Huxley wrote about his experiences on mescalin, and I've never taken mescalin, so I'm not writing about that, just about how his experiences on mescalin reminded me of my own experiences in everyday life. Until very recently I thought everyone experienced life this way, I was just unusually stupid and weak-minded. I always feel like my general state of awareness, abilities, perceptions, and so on change on a kind of sliding scale. Sometimes I feel (and act) much more "normal" than at other times. Sometimes speaking is much easier or writing is much easier, I feel more "aware" of my surroundings or I simply understand my surroundings better, how heightened my perceptions are changes, etc. From a more spiritual perspective, which Huxley talks a lot about, I can go from feelings of extreme ecstasy or peace, feelings of union with everything and everyone and everything feels enchanted, to more spaced out and dulled feelings like everything is far away and I'm lost. Sometimes I feel completely outside of my body whereas at other times I feel caught in my body, but in peculiar ways, where I feel or I am aware of one part more than another and things fit oddly. I can act very strangely or very normal, be very much "in" the world of my surroundings, or very disjointed from it. In my case I think this is due to a combination of factors (autism, possible seizures, certain life circumstances, an intensely sensitive personality, etc.)
Huxley referred to a lot of these kinds of experiences as "visionary" and said that some people have these experiences very often and other people have these experiences very infrequently, which I'm sure is true. He used art for examples which I really liked and identified with, since art is so important to me. Apparently, while on mescalin, time didn't seem to matter to him anymore, or even really have much reality, and he was less aware of space. He would see objects more as brilliant compositions, and spatial relationships took on a flatter but very geometric and enchantingly beautiful appearance that deeply affected him emotionally. I tend to experience life a lot like this. I have a poor sense of time and time doesn't affect me much psychologically (I feel like everything is occurring simultaneously, and there isn't so much a differentiation of a past, often I actually feel like I'm jumping from one point in time to another, backward and forward -- sometimes notes in a song will bring this feeling out). Space relationships confuse me (kind of like the weird space in Alice in Wonderland is how I often think of it), even though I can mentally manipulate objects in my head pretty well (I'm sure painting and drawing all the time helps with this). I get confused about where my body is in space and where objects are in space, how far apart things are/how big things are, etc. Everything I see I tend to see as a composition of art, with different brilliant colors (color was enhanced for Huxley during his mescalin experiences). Orange is painful to me, but I do enjoy vivid, bright colors a lot and find color greatly affects my mood; I love to incorporate bright colors into my paintings because of the joy I associate with them.

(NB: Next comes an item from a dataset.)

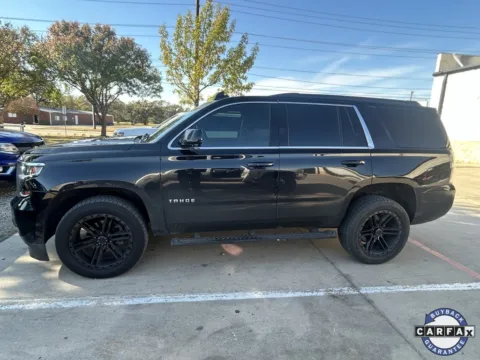 More photos of 2019 Chevrolet Tahoe LS at Sign It Drive It, TX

And regardless of one's religious or spiritual beliefs, it sounds common for people who get intense sensory perceptions to find it relatively easy to find enhanced beauty in the world in very simple, everyday things (as Huxley found) and to feel a sense of union with the rest of the world, where arbitrary categories and separations fall to the wayside.

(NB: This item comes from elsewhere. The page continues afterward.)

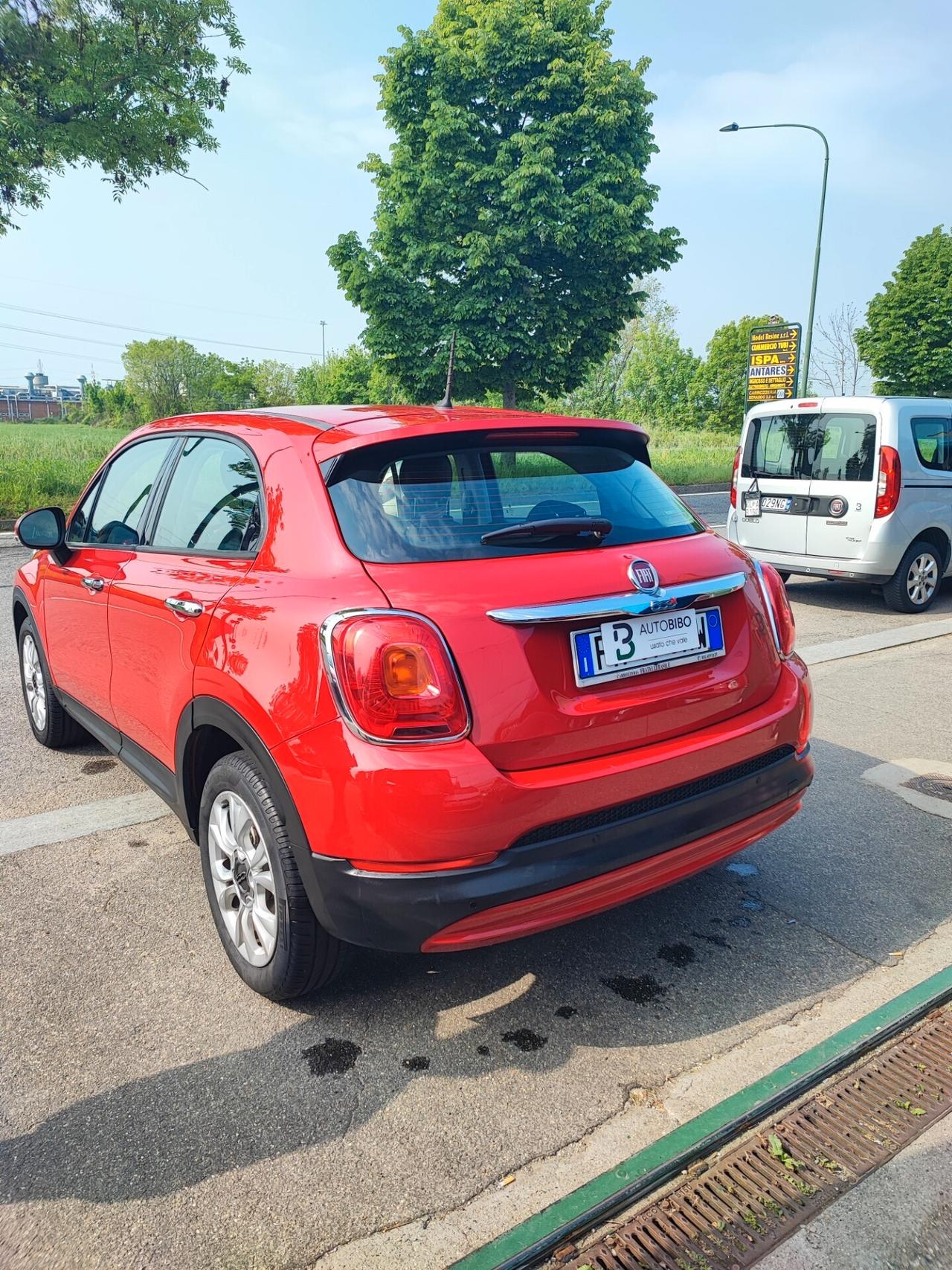 Fiat 500X 2.0 MultiJet 140 CV 4x4 Cross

Huxley's changes in perception seemed fairly limited in some ways (such as his vision seemed enhanced and sense of time and space changed, and speech suddenly seemed much more like dead symbols unable to reveal true reality, but some things -- such as sound -- remained fairly unchanged for him). However, there were certain kinds of music (like chants) that did affect him more strongly. I have synesthesia that includes sound (seeing colors and movement, etc. with sound) and I also tend to have very sensitive hearing (though I also tend to hyperfocus so sometimes my hearing gets blocked out in favor of a different focus).

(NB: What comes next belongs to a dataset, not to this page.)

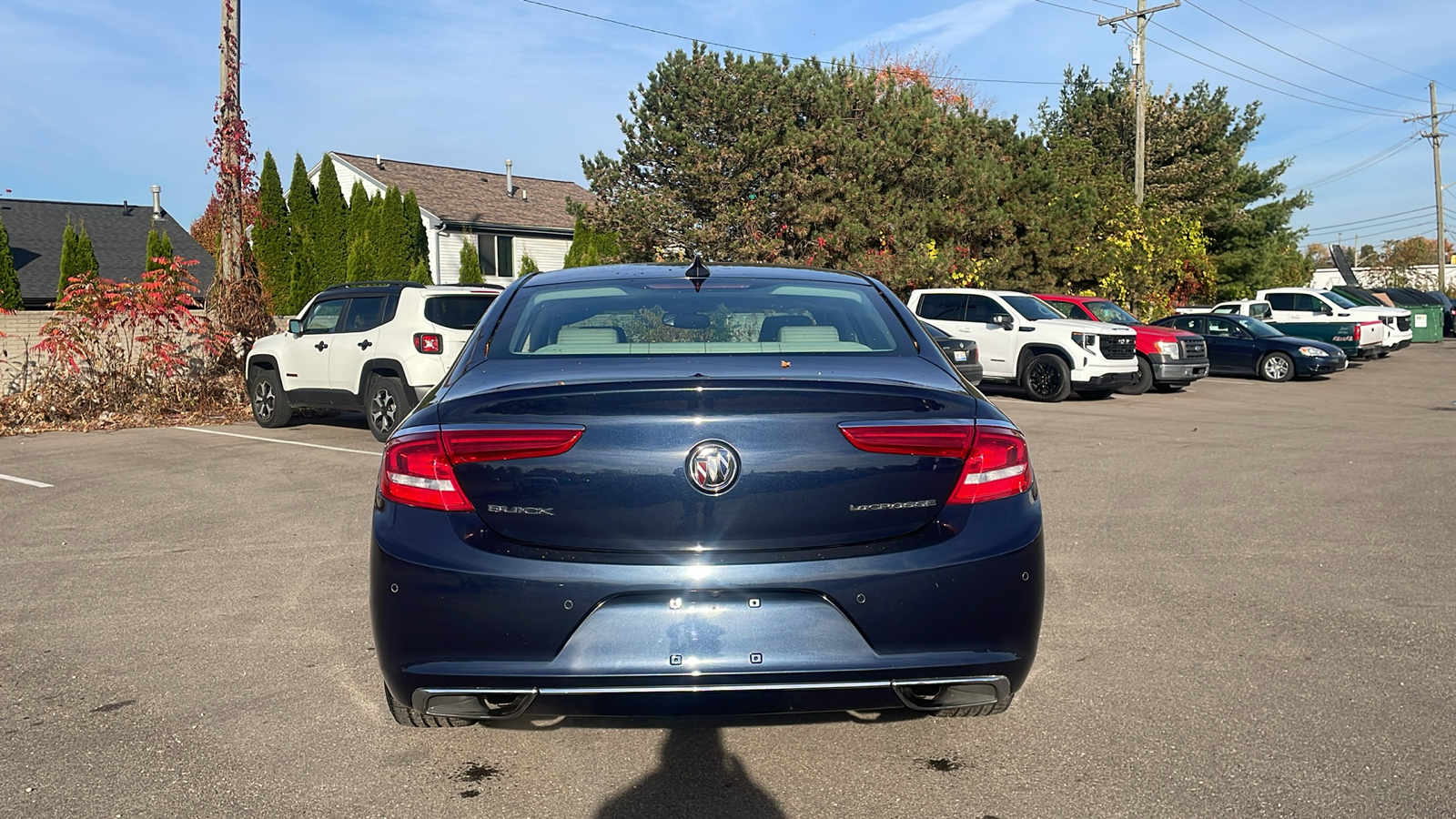 2017 Buick LaCrosse Essence 30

Although I often have feelings of transcendent union with the world or joy at simple things that I come across, where I get entranced, I also experience horror and terror at things others might consider simple. Where something little can seem ugly and hideous and terrifying just as easily as something small can be wonderous. My senses seem to all run together, my emotions seem to all run together, where things either become very jumbled and communication isn't likely to happen, or things just seem so pure and perfectly aligned, a perfectly solved pattern which is very strong (for good or bad). It's hard for me to explain how and why I can switch from seeming one way to a very different way. It's not that I always look more strange or uncommunicative when I'm overloaded, and sometimes I can stifle myself under very overloading circumstances. The waves of strange confusion and floating can come at any time, as can the feelings of ecstatic union. It's easiest to just describe it as a feeling like I'm constantly sliding between very different states of being with very different perceptions and orientations to the world. All of it is me, and all of the basics are always present, just some parts fade into the background for awhile while others take precedence.